Law student, modern dancer marries passions, enjoys career
Students often believe life comes down to a choice: a stable career in a field you loath, or shunting security and following your passion. The former lets you buy insurance; the latter will (hopefully) fulfill you.
But the truth is, you can be completely in love with what you do, and have it serve you financially. It requires extra work, time and a willingness to give yourself to your career. It’s also worth it. Money matters, but you don’t need to use that money to buy happiness if you can go to work happy.
“What if you just had to go for it?” asked Kathy Dunn Hamrick.
Dunn Hamrick is the owner of Kathy Dunn Hamrick Dance Company, a modern dance company in its 16th year. She stands among numerous Austin examples of turning your passion to a viable career.
“When I’m working in the studio, that is where I feel I am my most complete self,” Dunn Hamrick said.
But funding her passion is a challenging process.
“I survived by writing grants,” Dunn Hamrick said.
The grants, she said, get consistently more competitive and less lucrative. She starts with nothing every year, then writes grants, teaches, seeks business sponsors and asks for private donations.
From high school, she took some of the money she’d saved for college and traveled to France to study under her teacher’s teacher, a Russian ballet instructor in Toulouse. When she returned, she got her bachelor’s degree in both Dance and French at University of Texas at Austin. She then switched to Florida State University for her master’s in Performance and Choreography.
She founded her dance company in 1998. Since then, her choreography has constantly evolved as she refines what she wants to say.

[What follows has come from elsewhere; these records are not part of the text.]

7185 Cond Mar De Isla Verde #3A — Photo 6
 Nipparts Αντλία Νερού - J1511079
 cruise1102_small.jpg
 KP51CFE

“It’s where I do feel like the engines are just running on high. And I don’t want to stop. I resist the fact that I want to eat, or go to the bathroom, or run an errand,” Dunn Hamrick said.
Dunn Hamrick has figured out how to make her passion work in the real world. But many people never get that far. The life-or-death emphasis on a stable career begins in high school, and people often choose life.
A 2013 Gallup poll showed that from 2011-12, only 13 percent of workers worldwide felt engaged in their jobs. “Engaged,” meaning passionate, happy, fond of their employers, and willing to work hard.
More than 80 percent of the global workforce goes to work every day wishing they were elsewhere.
Majoring in what you love doesn’t have to mean sacrificing financial stability. Living out your passion might just require an effort you didn’t know you could make.
Juhi Tariq is a St. Edward’s alumna and current graduate student at the American University in D.C.
She’s working on both her Master’s in International Relations and Affairs, and her law degree.
Law students face a seeming 16,000 years of school, and the fact that they likely won’t earn an income to justify the expense.
Additionally, lawyers are weighed down by stigmas – immoral, cold and inhuman, among others.
She’s doing it anyway. What’s her reasoning?
“I wanted to be a lawyer,” Tariq said.
Her interest in law school solidified during her legal ethics course at St. Edward’s.
“I loved examining the court’s reasoning and how it came to a particular decision,” Tariq said.
According to Tariq, American University is exactly where she wants to be.
“I’m happy. There are little moments here and there that reaffirm my decision, that remind me that I’ve been able to accomplish things that I wouldn’t otherwise have been able to,” Tariq said.